In the early 60s he went to work for Pye Records and wrote a hit for Bobby Rydell called Forget Him under the pseudonym of Mark Anthony, as it was not done for record producers like Tony to write the songs as well. Joe McElderry beautifully brought this melodic ballad to life once again.
The Orchestra, now being conducted by Tony, serenaded us through a sweepingly rich medley of TV Hits including the very familiar themes from Man Alive, Crossroads, Emmerdale, Mr and Mrs., and, of course, Neighbours, during which the audience were asked to join in - which they did con gusto.
The many vignettes in the conversation revealed what an interesting life this songsmith has led and also what a genuinely nice and empathetic person he is. He did, at one stage, make a fleeting mention of his former wife Jackie Trent and there is a painful legacy under that particular surface, but he also paid tribute to his wife Maggie with whom he lives happily in Menorca, and both she and two of his children were present in the audience for this celebration.
One of Tony's most beautiful songs, Joanna, which was recorded at the time by Scott Walker, was also sung by Joe McElderry, and was very much appreciated by the audience. Other hits, including his Eurovision song for Matt Monroe I Love The Little Things, were all sung spectacularly well by young artists Sophie Evans, Rumer, John Owain Jones and it was perhaps Rhydian's performance of If You Ever Leave Me which Tony had written for Jack Jones which was most impressive.
I didn't know that Tony had written Messing About On The River so it was a particular pleasure to have him play it and sing it to us while once again asking us to join in. There must have been many musical people in the audience because it was noticeable how such a crowd sang so well!

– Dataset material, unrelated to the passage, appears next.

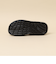 HOKA ONEONE: ORA RECOVERY FLIP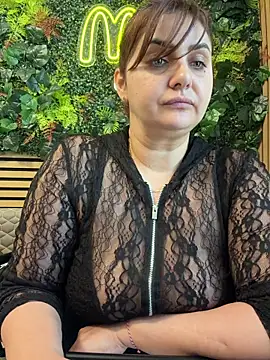 AnneKane online show from 03/09/26, 09:46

And then the special guest - Petula Clark - was brought onto the stage by Michael Grade to thunderous applause and a standing ovation. She was poised and glamorous in her 83rd year and joined the conversation before adding her own original magic to a song which they had composed together in Menorca called Rainbow, followed by two of Tony's best known hits which she recorded - Don't Sleep in the Subway and the legendary Downtown. During the chorus of Downtown she was joined on the stage by the rest of the performers in a fitting end to this truly enchanting evening.